The firearm evidence was admissible under the plain view doctrine. While making an in-home arrest pursuant to a valid arrest warrant, the police are permitted to make a limited protective sweep to ensure their safety if specific articulable facts are the basis for a reasonable belief that the area swept harbors an individual posing a danger to the officers or others. Maryland v. Buie, 494 U.S. 325, 327 (1990). The police may, without probable cause or reasonable suspicion, look in closets and other spaces from which an attack could immediately be launched. Id. at 334. Such searches are permitted while executing a valid search warrant as well as an arrest warrant. In the instant case, the initial entry into Coble's house was justified by the valid search warrant.

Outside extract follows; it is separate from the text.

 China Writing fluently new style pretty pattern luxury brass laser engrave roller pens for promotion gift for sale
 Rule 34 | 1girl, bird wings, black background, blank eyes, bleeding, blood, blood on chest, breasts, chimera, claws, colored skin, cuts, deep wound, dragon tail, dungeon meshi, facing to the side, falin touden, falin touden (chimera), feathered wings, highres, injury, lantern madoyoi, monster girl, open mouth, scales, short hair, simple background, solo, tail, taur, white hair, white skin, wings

The police did have specific articulable facts to support a reasonable belief that the area searched harbored a dangerous individual. Based on the officers' testimony that, in the past, they had found persons hiding in insulation and under couch cushions, we find that searching between the mattress and boxsprings falls within the appropriate scope of the sweep. The firearm evidence was admissible under the plain view doctrine. See id. at 330; Arizona v. Hicks, 480 U.S. 321, 326 (1987).
The district court judge did not abuse his discretion when he allowed the entire testimony of Detective Losh to be read to the jury in open court upon the jury's request. The jury was properly cautioned against giving undue emphasis to the testimony. See United States v. Portac, Inc., 869 F.2d 1288, 1295 (9th Cir.), cert. denied, 111 S. Ct. 129 (1990). We find no error.
Because Coble did not raise at trial his claim that his right to procedural due process was violated when the firearm charge was referred to federal authorities for prosecution, we review only for plain error. A state prosecution does not bar a subsequent federal prosecution of the same defendant for the same acts. United States v. Wheeler, 435 U.S. 313, 317 (1978); Abbate v. United States, 359 U.S. 187, 194-95 (1959). Due process is not violated by the decision to prosecute a defendant under a federal statute, absent a showing that the decision was based upon an improper prosecutorial motive. See United States v. Goodwin, 457 U.S. 368, 380-81 (1982); Bordenkircher v. Hayes, 434 U.S. 357, 364 (1978). Coble violated a federal statute. His due process rights were not violated by the decision to prosecute him under that statute.
The judgment of the district court is AFFIRMED.